Yet Mr. Glavin agrees that complexity within the system isn’t helping. “There are situations where the servicers’ hands are tied because of the investors,” he says. “Obviously, the less people behind the loan the easier.”

One of the half-dozen options on the table for breaking the logjam, says Dr. Wachter, is McCain’s offer to buy mortgages at their full price. That would presumably please most investors and embolden servicers to sell.

McCain’s campaign puts the cost at $300 billion, some of which would come from the Wall Street bailout and Hope for Homeowners funds.

“Is it expensive? Yes,” McCain said during the final presidential debate Oct. 15. “But we all know, my friends, until we stabilize home values in America, we’re never going to start turning around and creating jobs and fixing our economy.”

Housing experts condemn paying full price, for reasons pointed out by Obama’s top economic adviser.

“John McCain wants to spend a big chunk of the rescue money, that ought to [go] to homeowners, paying off the most irresponsible lenders,” says Austan Goolsbee, a University of Chicago economist advising Obama. “That guarantees a loss to the US taxpayer.”

But how else to get servicers to agree to losses? Obama has embraced two alternatives: Show them the carrot of a “safe harbor” from investor lawsuits and the stick of bankruptcy judges who can write down loans.

Other ideas from experts (not the candidates) include using eminent domain to buy mortgages at a discount and removing tax preferences for mortgage trusts.
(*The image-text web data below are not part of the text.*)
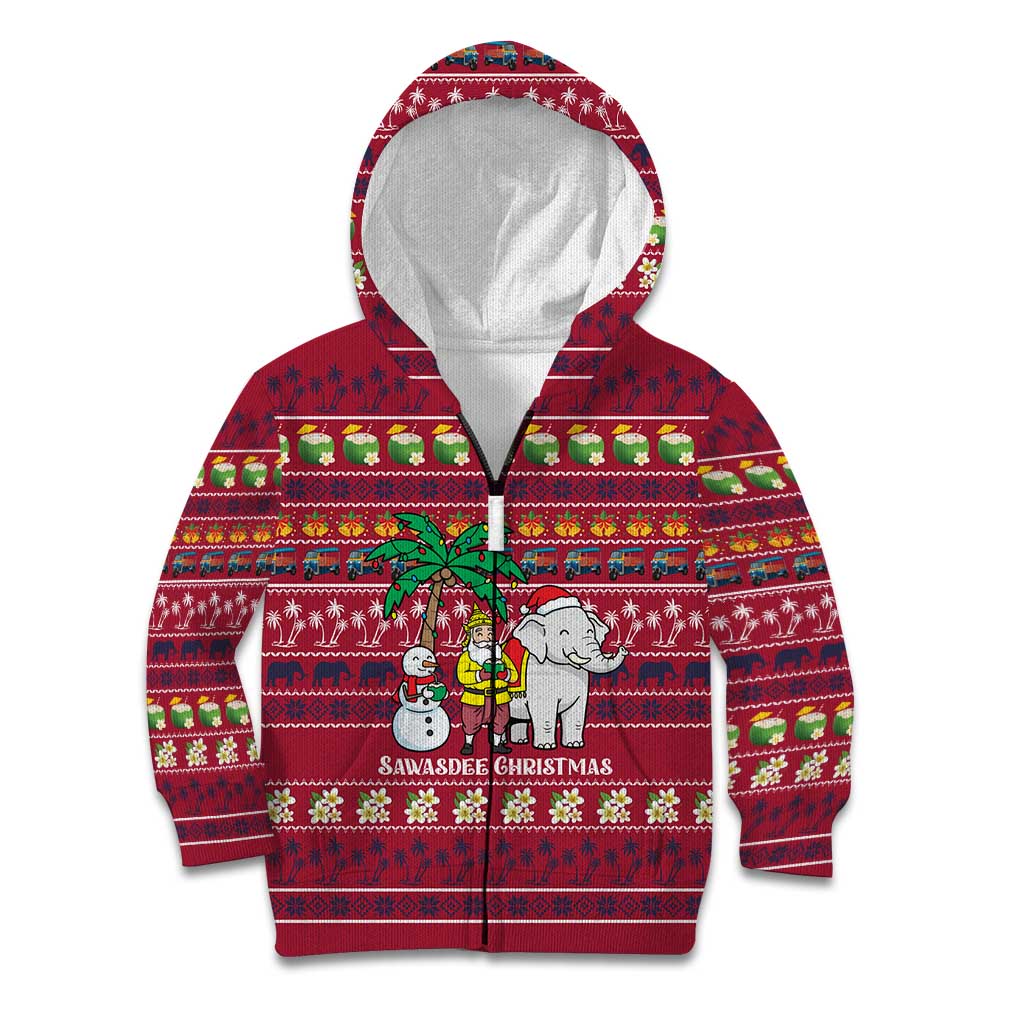 Thailand Christmas Kid Hoodie with Santa Elephant Snowman Palm Tree and Sawasdee Holiday - Wonder Print Shop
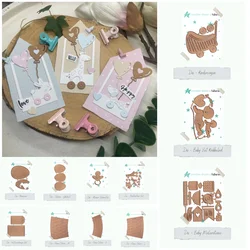 2025 Pleated Easter Bunny Eggs Stroller Metal Cutting Dies DIY Scrapbook Handcraft Gift Card Craft Template Supplies Decoration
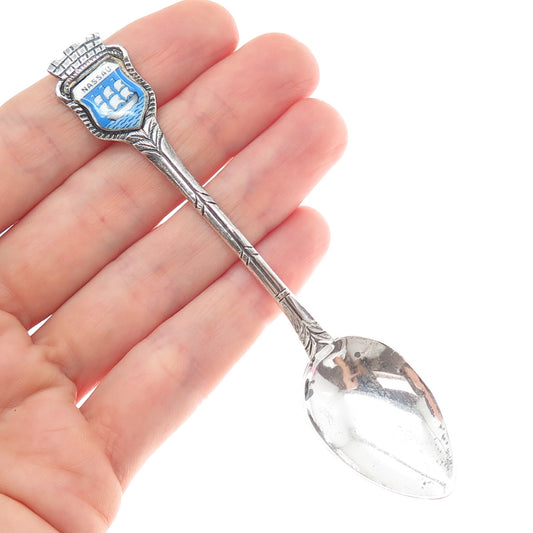 925 Sterling Silver Antique Enamel Nassau The Bahamas Sailboat Coffee Spoon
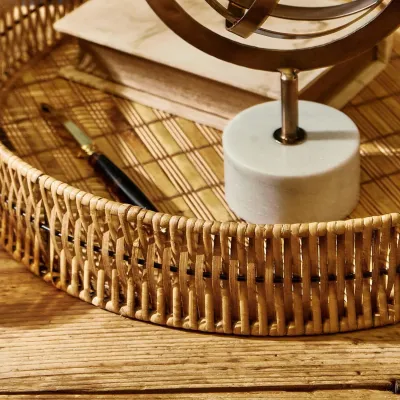 Set of Two Round Bamboo Tray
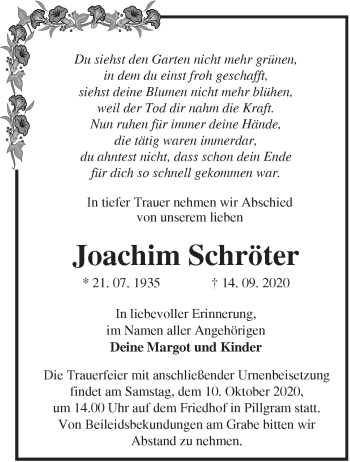 Traueranzeige von Joachim Schröter von Märkische Oderzeitung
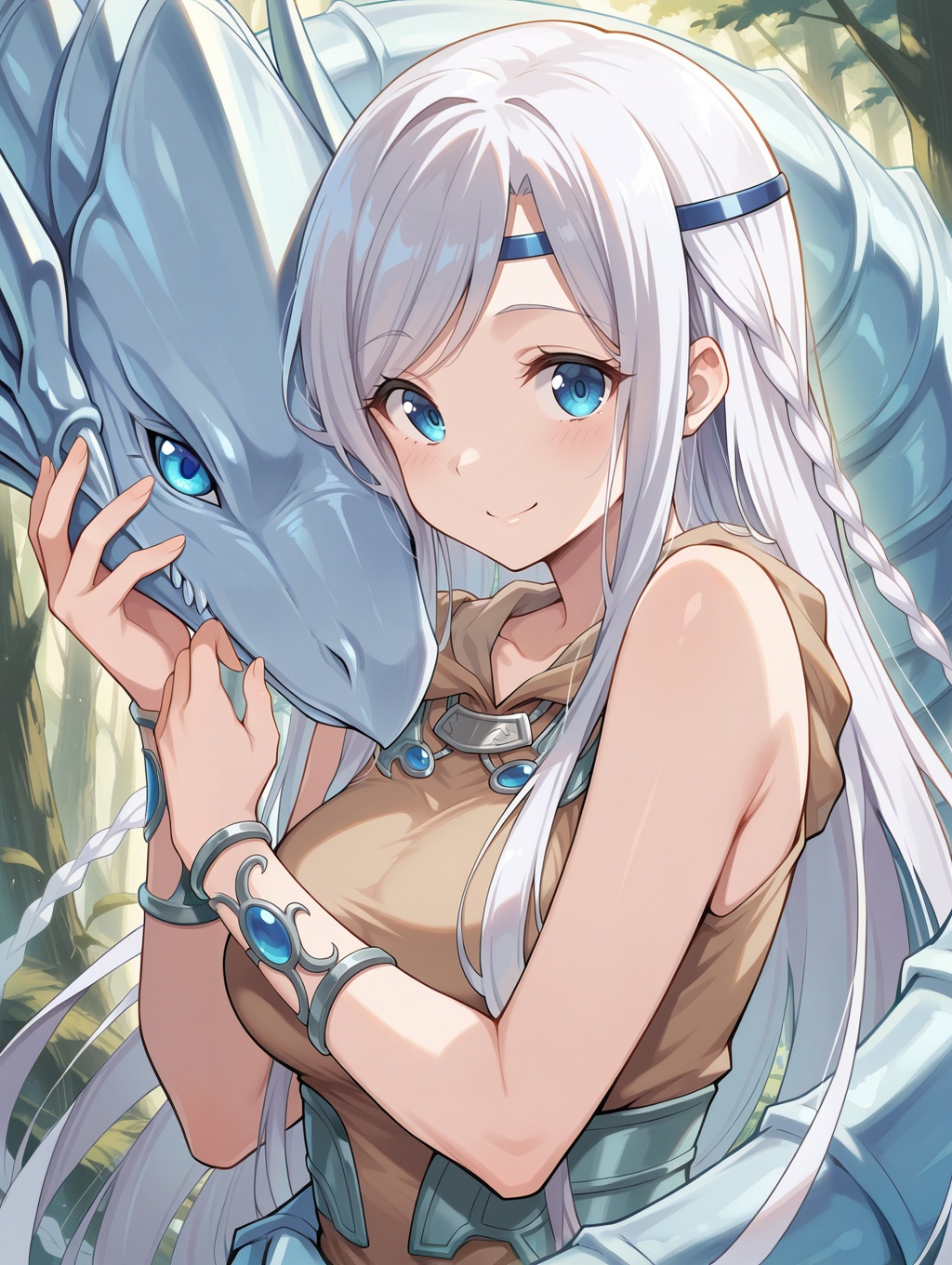 maiden with eyes of blue,  1girl,  dragon on Tensor.Art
On Friday, the director of the Federal Deposit Insurance Corp. suggested another option: a partial federal guarantee in case homeowners default again on a loan workout.

“No one of these [ideas] is getting traction, and we need traction soon,” says Wachter. “There are lawsuits going on, and [there is] a lack of understanding that if we don’t address this problem quickly, it will worsen by several degrees of magnitude.”

Not everyone agrees that more aggressive tactics are necessary.

“Every lender out there is already financially motivated to undertake such modification,” says Mr. Gabriel at UCLA. “My sense is the private sector is going to get better and better at this over the course of the next six months.”

During this learning curve, he says, a foreclosure moratorium might be sensible.